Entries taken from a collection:
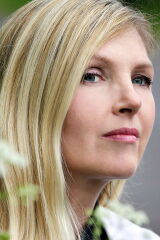 Sarah Cracknell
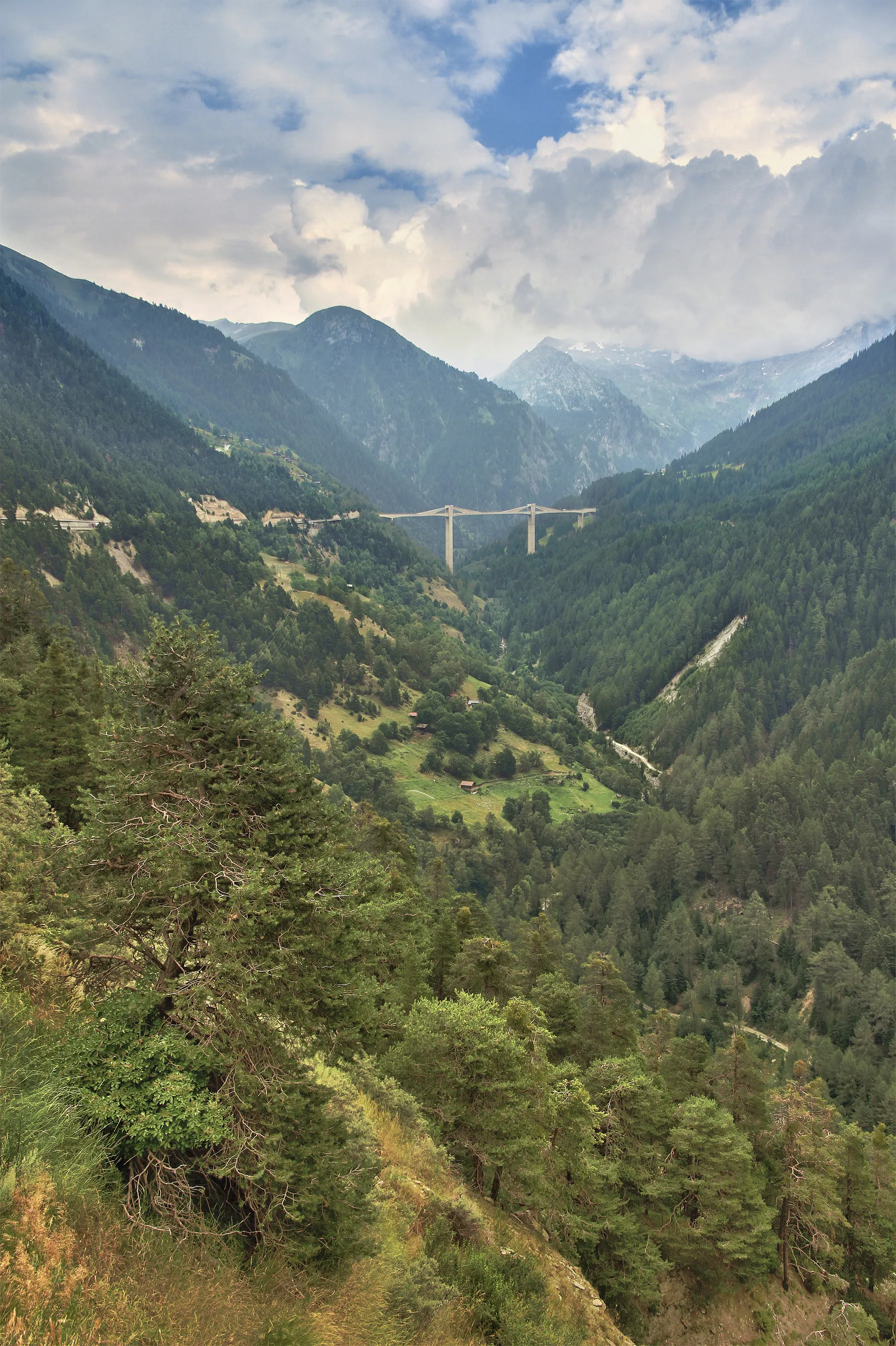 Photo showing: A view to Gantertal, Valais, Switzerland in 2010 July. Ganter Bridge crosses the valley in the center of the picture.
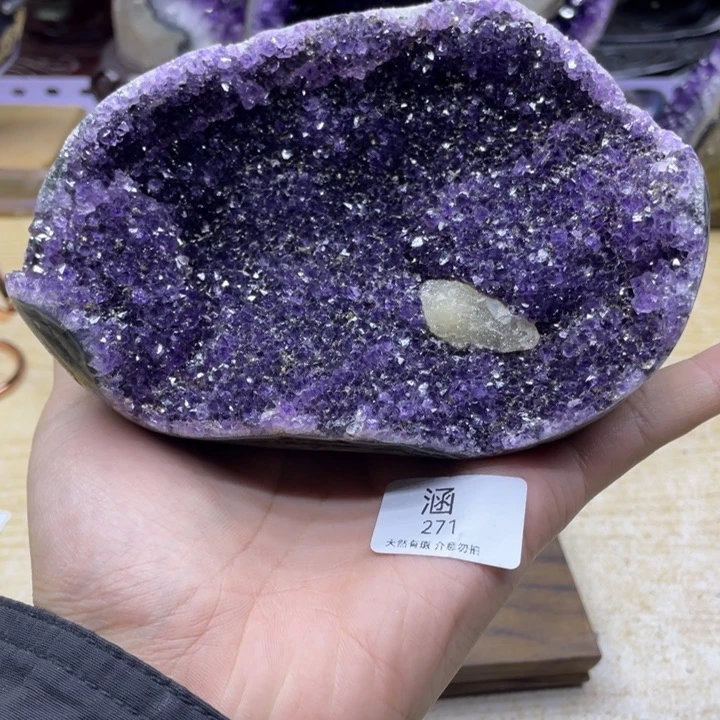 未镶嵌大型摆件（非配饰）紫晶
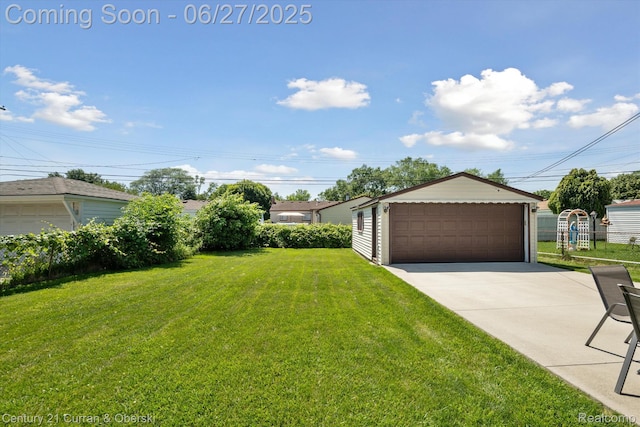 11769 Eileen, Redford, MI 48239 - view of yard featuring a garage and an outdoor structure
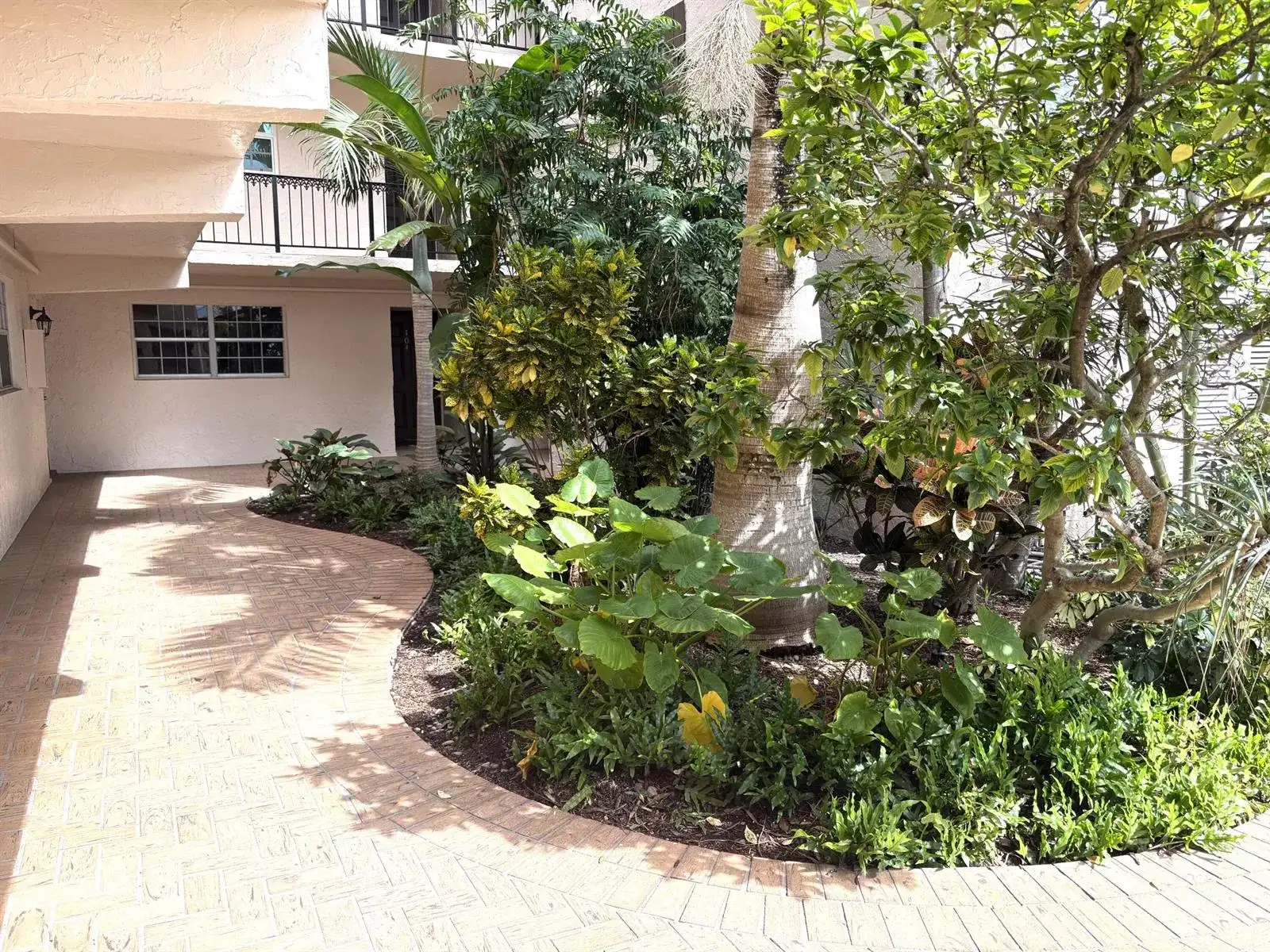 610 TENNIS CLUB Drive # 305, Fort Lauderdale FL 33311 photo 3
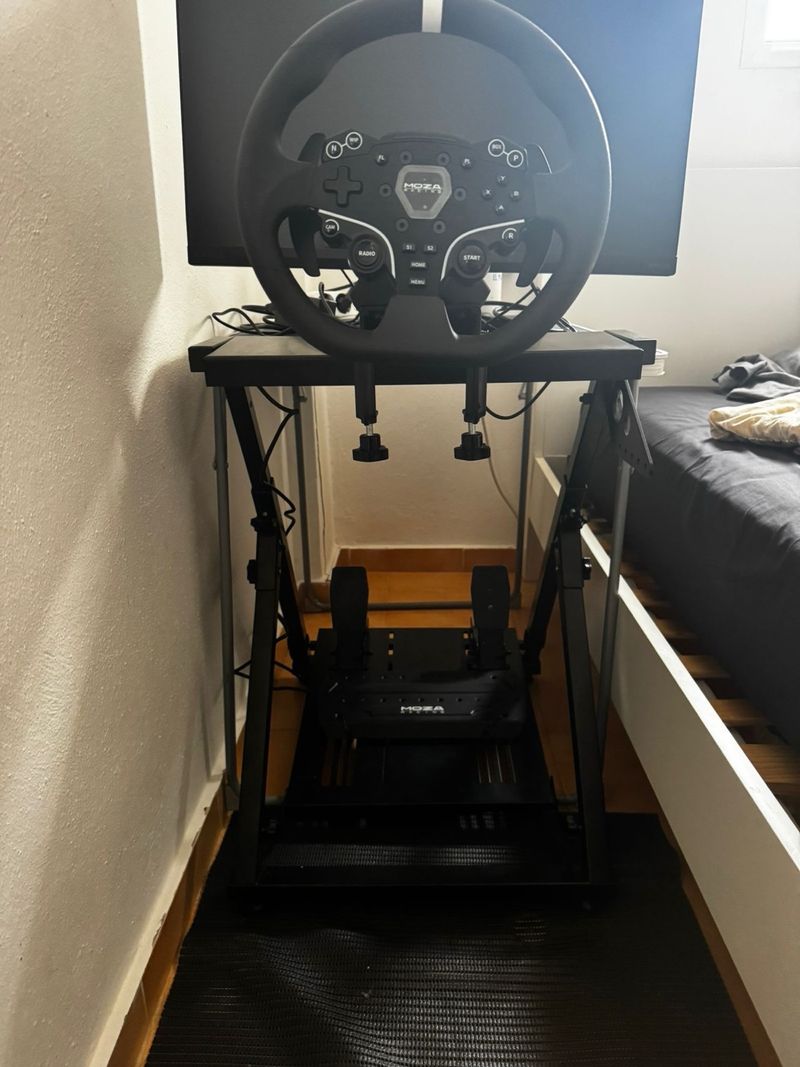Moza R3 Volante y Pedales Simracing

TASK DESCRIPTION –
The answer consists solely of the lines from the one holding "11769 Eileen, Redford, MI" through the final line of the records, both ends included, each duplicated exactly. Leave images out.

OUTPUT –
 11769 Eileen, Redford, MI 48239 - view of yard featuring a garage and an outdoor structure
 610 TENNIS CLUB Drive # 305, Fort Lauderdale FL 33311 photo 3
Moza R3 Volante y Pedales Simracing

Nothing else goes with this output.